Don’t lump us in with Dallas

I was surprised to read in the Sunday story, “Vikings rookie long snapper has Air Force duty to fulfill,” that Keller is in the Dallas area. (4C). The Associated Press reporter who wrote it apparently failed to look at a map. More disturbing is that Star-Telegram editors failed to correct such an obvious error.

Most of us who live west of Texas 360 object to being identified as Dallas-area residents. Nor do I think the Fort Worth Star-Telegram would want to be called a Dallas-area publication.

Let’s keep Keller where it is: in the Fort Worth area.

Hans J. Wasner,

North Richland Hills

There’s a reason they mix us up

More often than not, we hear on TV and read in print instances in which people mistakenly say Dallas instead of Fort Worth. It is annoying, to say the least, when you consider that Fort Worth is the 15th-largest city in the United States, according to the U.S. Census Bureau.

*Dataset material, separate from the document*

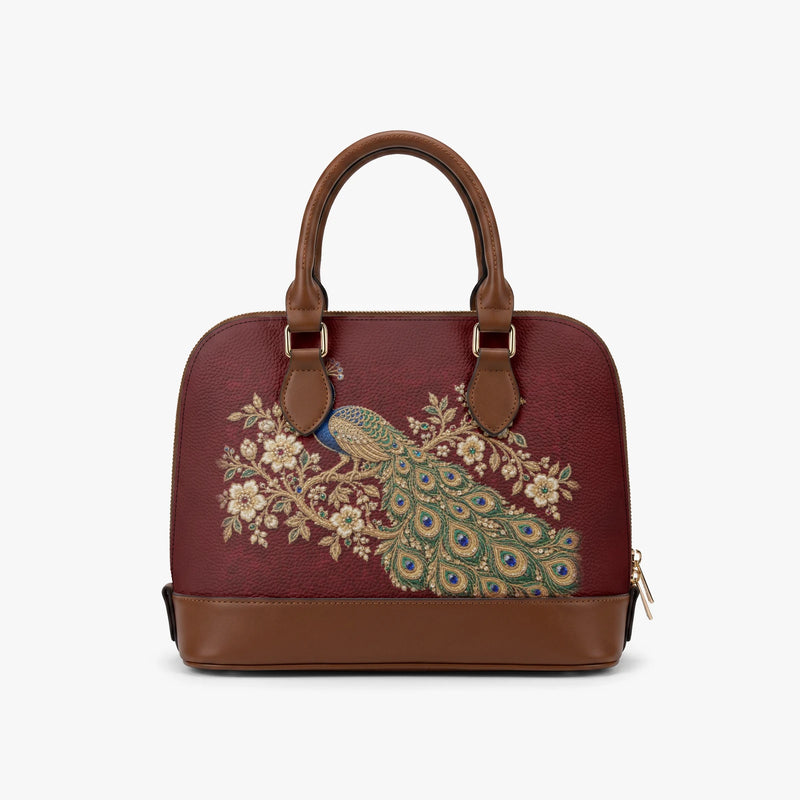 Zardozi Peacock — Maroon & Gold Dome Handbag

If Fort Worth were not so close to Dallas, assuredly the mistaken identity would not happen. After all, people know the difference between Austin and San Antonio and between San Diego and Los Angeles.

But then again, most people are not interested in geography. And to be honest, most people don’t care.

Fort Worth is not alone, though, in being mistaken for another city. South of San Francisco lies San Jose, which, despite being the larger of the two by both population and land area (the 10th-most populous city in the country), is relatively unknown because of its sister city.